Le rabais britannique préservé

Les attaques violentes des Britanniques contre le budget européen visent à rassurer une opinion publique de plus en plus hostile à l’Union mais aussi et surtout à préserver le rabais dont ils bénéficient depuis vingt ans.

Parce qu’ils profitaient moins de la PAC à cette époque, ils ont obtenu une ristourne qui se monte aujourd’hui à 3,5 milliards d’euros. D’après le Financial Times, ils ont obtenu des garanties sur son maintien, David Cameron pourrait donc être plus souple lors du sommet qu’il ne l’a été jusqu’à maintenant dans ses déclarations préliminaires.

La France, le deuxième plus gros contributeur, joue une partition plus ambiguë. Comme le président François Hollande l’a rappelé vendredi dernier lors de sa visite à Varsovie, Paris souhaite plus de rigueur, plus de compétitivité mais aussi le maintien de la PAC et des politiques de cohésion. Quatre objectifs contradictoires selon Nicolas Jean-Bréhon. L’économiste estime que Paris préfère laisser Berlin assumer la responsabilité de la rigueur et qu’en réalité, une baisse de la PAC est déjà entérinée dans les faits.

La PAC rétrécit

La contraction de l’enveloppe dévolue à l’agriculture est l'une des évolutions majeures de ce budget. Son poids qui était de 55% en 2005 devrait être réduit à 33% d’ici 2020.

Le deuxième poste de dépense, consacré aux politiques de cohésion est lui aussi en repli. En revanche le chapitre politique de croissance qui vise à donner un coup de pouce à l’économie européenne en aidant au financement de grands projets d’infrastructures devrait être amélioré.

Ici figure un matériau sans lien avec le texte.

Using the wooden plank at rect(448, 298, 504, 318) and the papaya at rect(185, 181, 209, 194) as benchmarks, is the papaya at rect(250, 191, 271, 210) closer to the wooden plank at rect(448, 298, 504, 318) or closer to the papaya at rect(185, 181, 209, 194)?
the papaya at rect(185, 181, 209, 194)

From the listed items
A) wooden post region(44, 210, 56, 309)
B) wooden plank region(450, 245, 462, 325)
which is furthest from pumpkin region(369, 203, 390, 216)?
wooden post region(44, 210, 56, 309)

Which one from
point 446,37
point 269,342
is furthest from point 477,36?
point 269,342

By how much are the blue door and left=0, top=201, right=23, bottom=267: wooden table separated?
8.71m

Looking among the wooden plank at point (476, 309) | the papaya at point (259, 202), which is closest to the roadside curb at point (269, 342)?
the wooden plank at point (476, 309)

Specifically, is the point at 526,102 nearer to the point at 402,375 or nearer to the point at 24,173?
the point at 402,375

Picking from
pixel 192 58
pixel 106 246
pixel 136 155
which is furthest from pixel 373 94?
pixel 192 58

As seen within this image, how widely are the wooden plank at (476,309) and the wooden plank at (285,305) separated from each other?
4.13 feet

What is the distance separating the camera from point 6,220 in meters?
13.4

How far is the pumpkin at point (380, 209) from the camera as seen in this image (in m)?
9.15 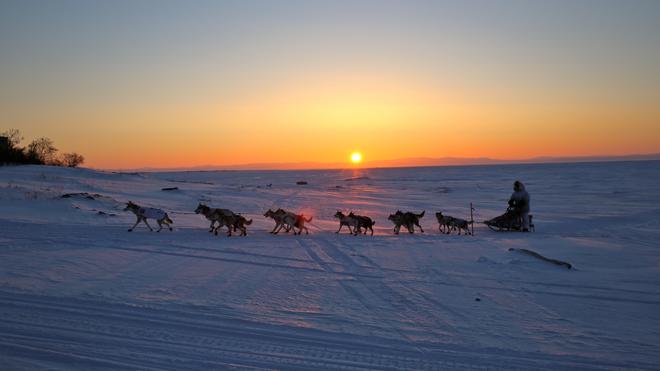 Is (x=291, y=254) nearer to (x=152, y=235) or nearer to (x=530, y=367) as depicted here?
(x=152, y=235)

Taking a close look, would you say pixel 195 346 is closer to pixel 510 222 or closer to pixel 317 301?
pixel 317 301

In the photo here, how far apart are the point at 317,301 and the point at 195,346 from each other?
2.61 m

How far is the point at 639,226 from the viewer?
65.2 ft

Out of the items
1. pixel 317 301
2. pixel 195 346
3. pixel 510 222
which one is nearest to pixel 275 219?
pixel 510 222

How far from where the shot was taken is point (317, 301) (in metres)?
8.25

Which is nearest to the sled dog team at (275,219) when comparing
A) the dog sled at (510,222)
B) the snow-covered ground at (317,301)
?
the snow-covered ground at (317,301)

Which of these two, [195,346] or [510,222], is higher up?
[510,222]

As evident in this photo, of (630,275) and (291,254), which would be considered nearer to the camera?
(630,275)

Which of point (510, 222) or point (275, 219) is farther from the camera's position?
point (510, 222)

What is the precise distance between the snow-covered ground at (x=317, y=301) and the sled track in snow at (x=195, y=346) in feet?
0.09

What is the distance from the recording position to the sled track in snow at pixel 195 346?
5.63 metres

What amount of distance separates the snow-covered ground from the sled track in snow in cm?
3

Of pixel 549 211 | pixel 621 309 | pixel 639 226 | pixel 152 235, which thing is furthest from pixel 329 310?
pixel 549 211

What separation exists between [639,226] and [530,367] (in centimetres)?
1731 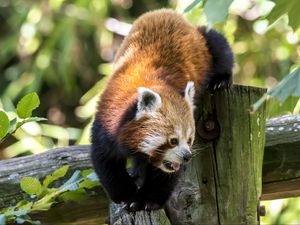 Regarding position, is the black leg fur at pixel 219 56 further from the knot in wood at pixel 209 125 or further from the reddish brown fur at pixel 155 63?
the knot in wood at pixel 209 125

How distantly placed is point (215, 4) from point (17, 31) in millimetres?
5434

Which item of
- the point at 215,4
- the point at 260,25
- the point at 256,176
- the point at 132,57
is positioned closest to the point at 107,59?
the point at 260,25

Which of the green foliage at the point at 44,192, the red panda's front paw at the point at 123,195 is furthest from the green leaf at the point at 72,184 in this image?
the red panda's front paw at the point at 123,195

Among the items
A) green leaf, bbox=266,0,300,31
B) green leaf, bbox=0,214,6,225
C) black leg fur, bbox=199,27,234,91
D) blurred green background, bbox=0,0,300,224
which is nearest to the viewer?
green leaf, bbox=266,0,300,31

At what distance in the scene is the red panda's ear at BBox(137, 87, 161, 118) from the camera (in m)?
2.24

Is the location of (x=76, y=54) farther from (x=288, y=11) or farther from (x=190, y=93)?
(x=288, y=11)

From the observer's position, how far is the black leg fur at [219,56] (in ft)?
9.37

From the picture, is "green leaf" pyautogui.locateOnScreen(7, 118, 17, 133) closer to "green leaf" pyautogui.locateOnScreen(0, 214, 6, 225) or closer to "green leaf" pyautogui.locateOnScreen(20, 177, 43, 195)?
"green leaf" pyautogui.locateOnScreen(20, 177, 43, 195)

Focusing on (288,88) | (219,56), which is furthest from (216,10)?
(219,56)

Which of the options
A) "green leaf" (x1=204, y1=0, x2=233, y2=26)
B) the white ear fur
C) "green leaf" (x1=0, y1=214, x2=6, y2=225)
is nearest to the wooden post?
the white ear fur

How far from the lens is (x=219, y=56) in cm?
293

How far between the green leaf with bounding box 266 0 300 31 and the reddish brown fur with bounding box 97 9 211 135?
3.27ft

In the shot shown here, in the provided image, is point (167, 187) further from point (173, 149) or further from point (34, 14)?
point (34, 14)

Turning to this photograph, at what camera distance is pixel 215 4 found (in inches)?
46.7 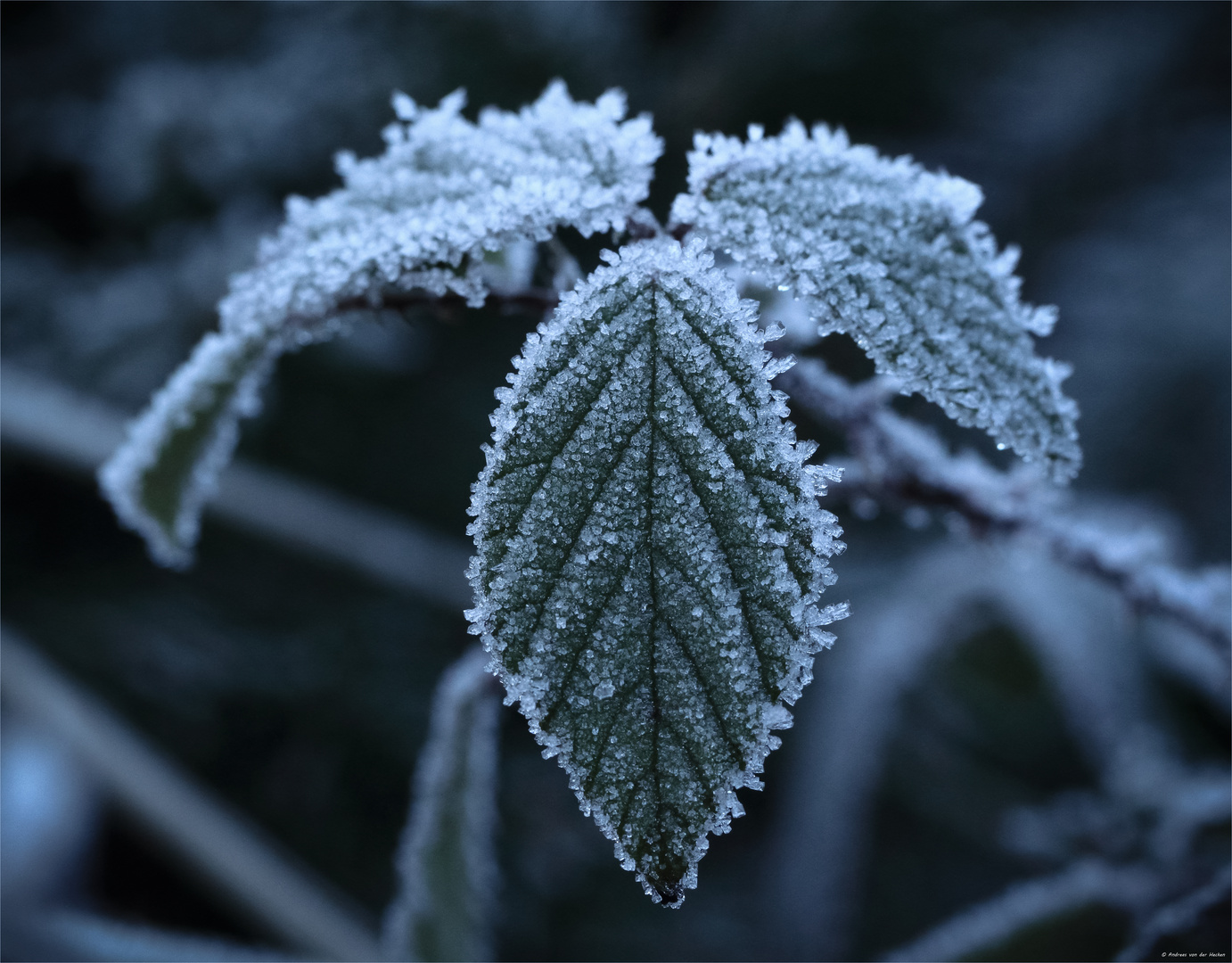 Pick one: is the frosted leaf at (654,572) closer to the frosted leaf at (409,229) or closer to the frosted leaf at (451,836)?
the frosted leaf at (409,229)

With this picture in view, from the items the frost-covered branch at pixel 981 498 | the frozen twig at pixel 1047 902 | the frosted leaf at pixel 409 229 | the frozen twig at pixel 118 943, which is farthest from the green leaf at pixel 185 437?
the frozen twig at pixel 1047 902

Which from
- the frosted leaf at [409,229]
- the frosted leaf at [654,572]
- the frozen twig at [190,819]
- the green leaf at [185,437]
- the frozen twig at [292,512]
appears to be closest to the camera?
the frosted leaf at [654,572]

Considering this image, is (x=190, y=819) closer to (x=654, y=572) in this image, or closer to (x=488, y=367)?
(x=488, y=367)

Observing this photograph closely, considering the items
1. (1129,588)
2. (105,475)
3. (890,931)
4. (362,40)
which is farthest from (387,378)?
(1129,588)

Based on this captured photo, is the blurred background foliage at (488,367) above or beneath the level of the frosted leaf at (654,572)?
above

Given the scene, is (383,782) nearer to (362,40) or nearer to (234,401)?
(234,401)

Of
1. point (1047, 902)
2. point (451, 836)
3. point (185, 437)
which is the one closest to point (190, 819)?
point (451, 836)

La Pologne, le chef de file du groupe des amis de la cohésion, un groupe partisan d'un budget généreux, s’est réjoui de la position française mais si les principaux bénéficiaires du budget européen peuvent en théorie mettre un veto au budget qui sera présenté ce soir, ils n’ont pas les moyens de s’opposer longtemps aux exigences des payeurs.

C’est pourquoi, en cas d’échec, un accord pourrait être trouvé lors du sommet de décembre. C’est l’avis d’ Alain Lamassoure, le président UMP de la commission budgétaire au Parlement européen. Ce ne sera pas la première fois qu’un sommet échoue à trouver de suite un compromis. La chancelière allemande est encore plus flegmatique, elle a déclaré que si nécessaire, un sommet serait convoqué début 2013.